This paper gives a somewhat gentle introduction to Bayesian inference: http://www.miketipping.com/papers/met-mlbayes.pdf
I got to section 2.3 without much problems but got stuck in understanding that section onwards. It starts by presenting a probabilistic regression framework where the likelihood of all data is given as:
$$ p(t|x,w,\sigma^2) = \prod_{n}p\left(t_n|x_n,w,\sigma^2\right) $$ where $t_n=y(x_n;w)+\epsilon_n$ is the 'target' value. Next, given a set of parameters $w$ and a hyperparameter $\alpha$, the prior is given as: $$ p(w|\alpha)=\prod_{m}\left(\frac{\alpha}{2\pi}\right)^{1/2}\exp\left({-\frac{\alpha}{2}w_m^2}\right) $$
I can then compute the posterior $p\left(w|t,\alpha,\sigma^2\right)$. What I don't understand is the following:
- In the first equation above, how should I interpret the product over the $N$ pairs of data $(t_n,x_n)$? Lets say I get two initial measurements from the real world, is $p\left(t|x,w,\sigma^2\right)$ supposed to give me a single real-valued probability? And how do I account for $w$ since it is not known yet?

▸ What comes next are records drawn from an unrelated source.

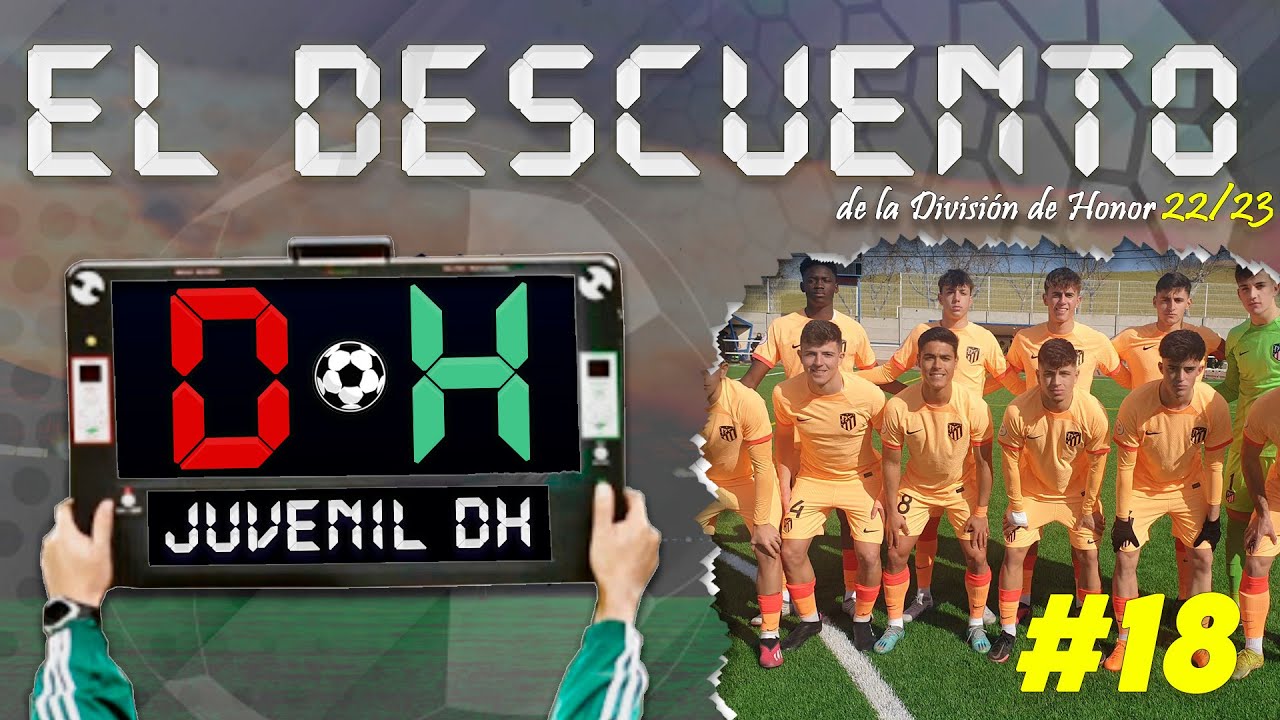 EL DESCUENTO DE LA DIVISIÓN DE HONOR GRUPO 5 #18 T22/23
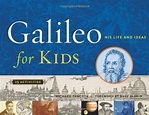 GALILEO FOR KIDS: HIS LIFE AND IDEAS, 25 ACTIVITIES (FOR KIDS SERIES ...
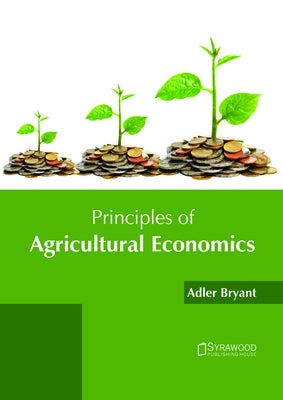 Principles of Agricultural Economics by Bryant, Adler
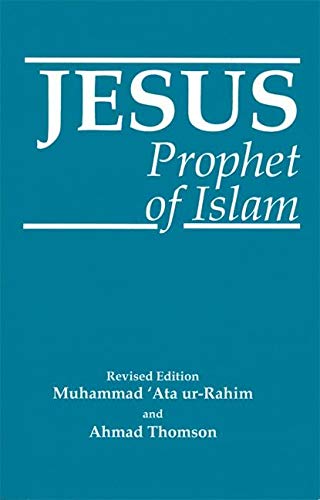 Jesus: Prophet of Islam - Click to Buy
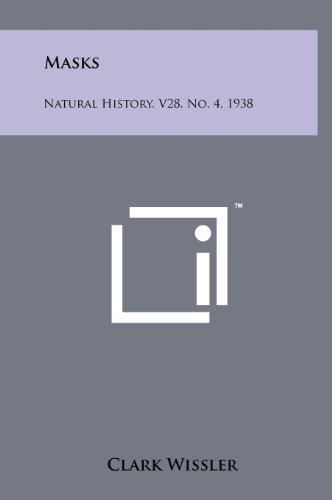 Masks: Natural History, V28, No. 4, 1938 (9781258217143) by Wissler, Clark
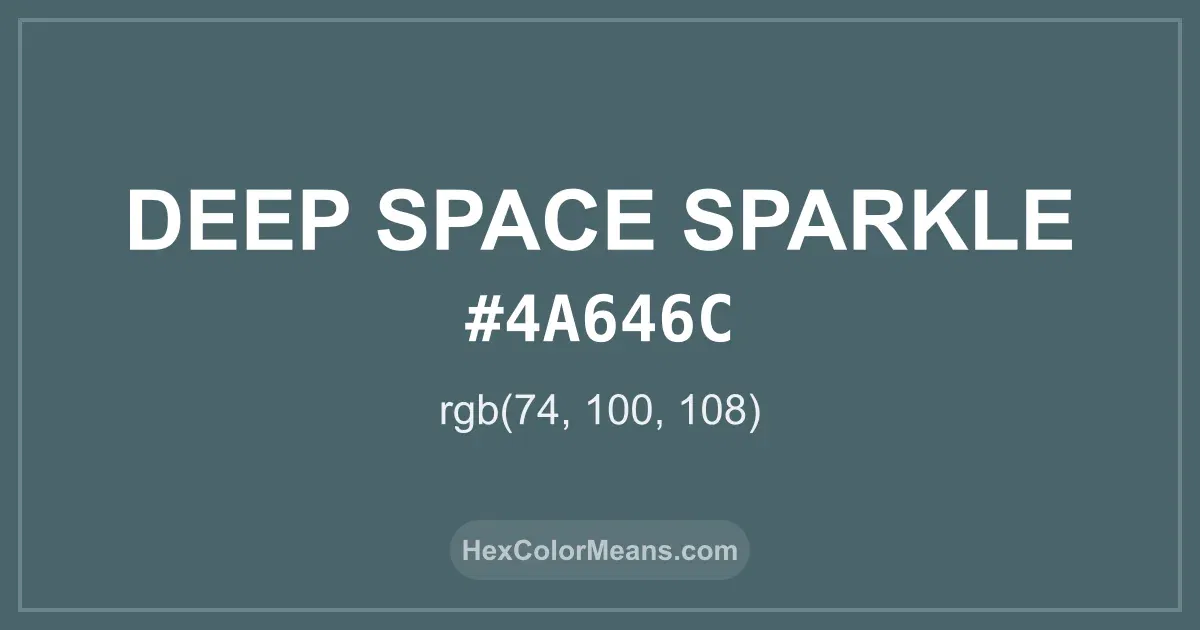 Clear image showing Deep Space Sparkle color swatch with hex value #4A646C and RGB value (74,100,108)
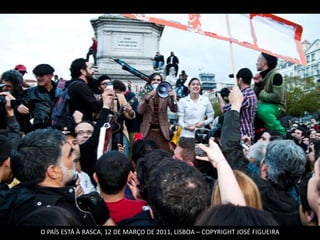 O PAÍS ESTÁ À RASCA, 12 DE MARÇO DE 2011, LISBOA – COPYRIGHT JOSÉ FIGUEIRA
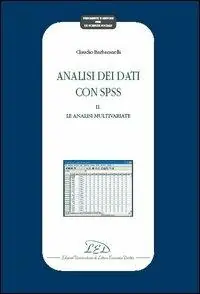 Analisi dei dati con SPSS II. Le analisi multivariate Must-Have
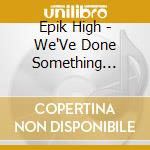 Epik High - We'Ve Done Something Wonderful -Japan Edition cd musicale di Epik High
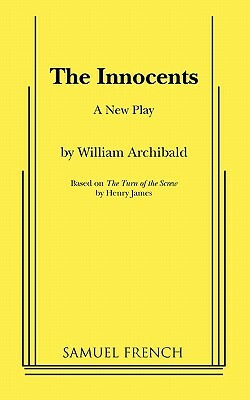 The Innocents by William Archibald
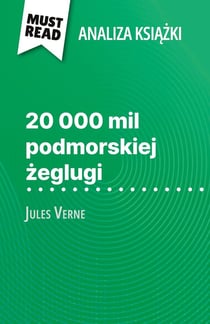 20 000 mil podmorskiej zeglugi ksiazka Jules Verne (Analiza ksiazki) : Pelna analiza i szczególowe podsumowanie pracy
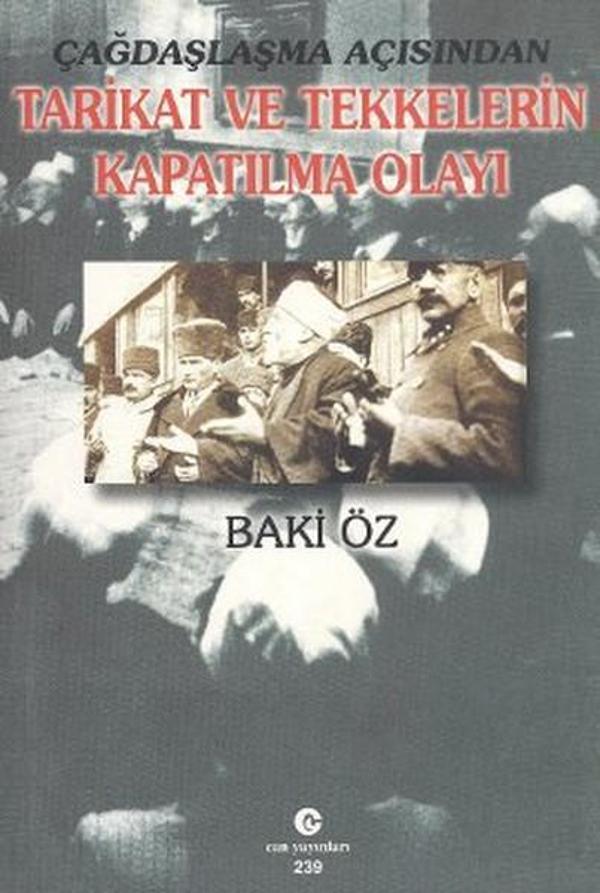 Çağdaşlaşma Açısından Tarikat ve Tekkelerin Kapatılma Olayı - Can Yayınları (Ali Adil Atalay) - Image 1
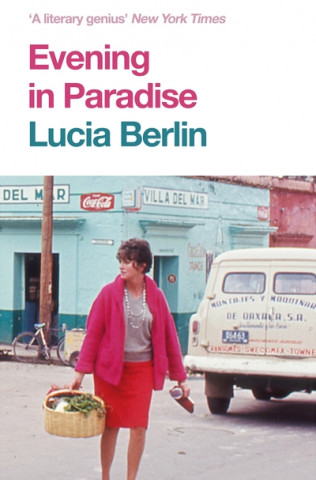 Carte Evening in Paradise Lucia Berlin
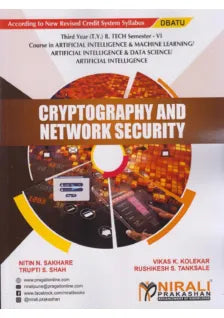 CRYPTOGRAPHY & NETWORK SECURITY (Third Year (T.Y.) B. Tech Course In AI & ML / AI & DS / Artificial Intelligence - SEMESTER – 6 DBATU)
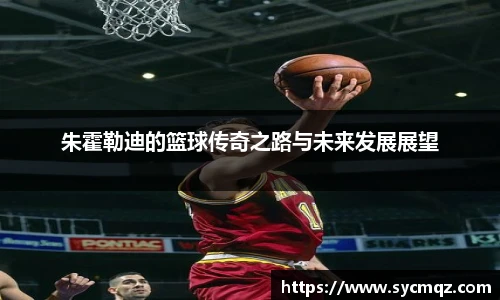 朱霍勒迪的篮球传奇之路与未来发展展望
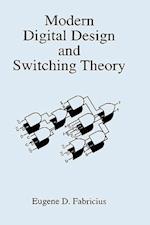 Modern Digital Design and Switching Theory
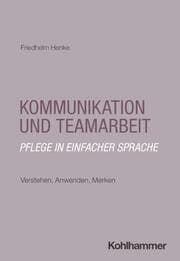 Cover von Kommunikation und Teamarbeit: Pflege in einfacher Sprache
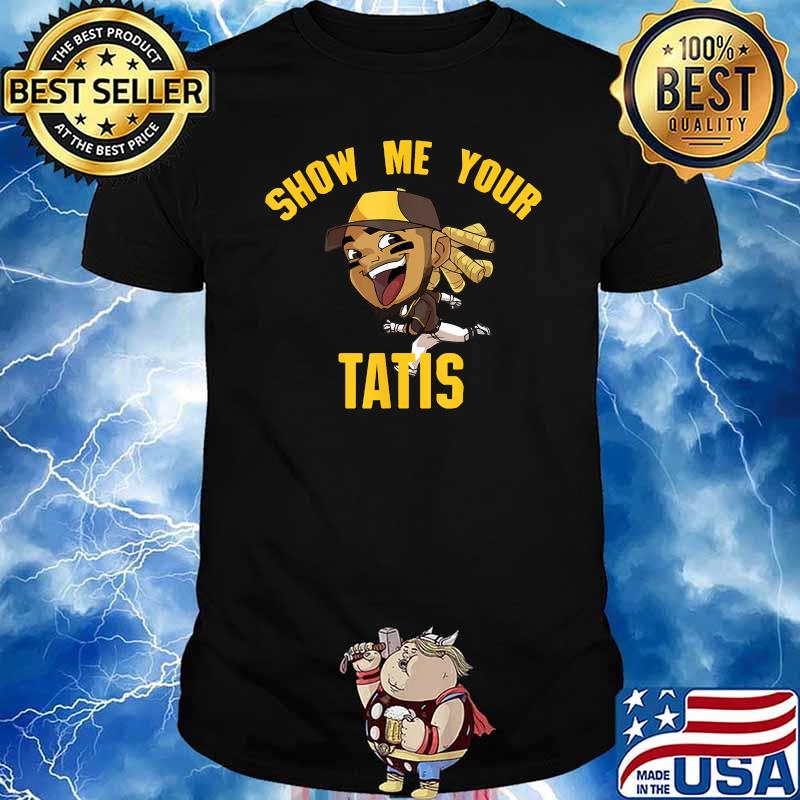 Show Me Your Tatis Shirt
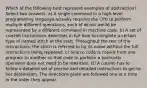 Which of the following best represent examples of abstraction? Select two answers. a) A single command in a high-level programming language actually requires the CPU to perform multiple different operations, each of which would be represented by a different command in machine code. b) A set of crochet instructions describes in full how to complete a certain type of named stitch at the start. Throughout the rest of the instructions, the stitch is referred to by its name without the full instructions being repeated. c) Source code is copied from one program to another so that code to perform a particular operation does not need to be rewritten. D) A courier has to follow a detailed set of precise and detailed instructions to get to her destination. The directions given are followed one at a time in the order they appear.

- As far as I got it, $w$ is supposed to be a vector of size $M$ where $w_i$ contains the $i$th estimated value. Now, how can a prior for $w$ have a reference to its own vector elements if I don't know them yet? Shouldn't a prior be an independent distribution such as a Gaussian or Beta? Also, shouldn't a prior be independent of hyperparameters?
- Figure 4, on the article's page 8 has a plot from the prior and from the posteriors of an example using the $y=\sin(x)$ function with added Gaussian variance 0.2. How could I plot something similar in, say, Octave/Matlab or R?
I don't have a strong background in statistics so forgive me if this is too basic. Any help is appreciated.
Thanks in advance!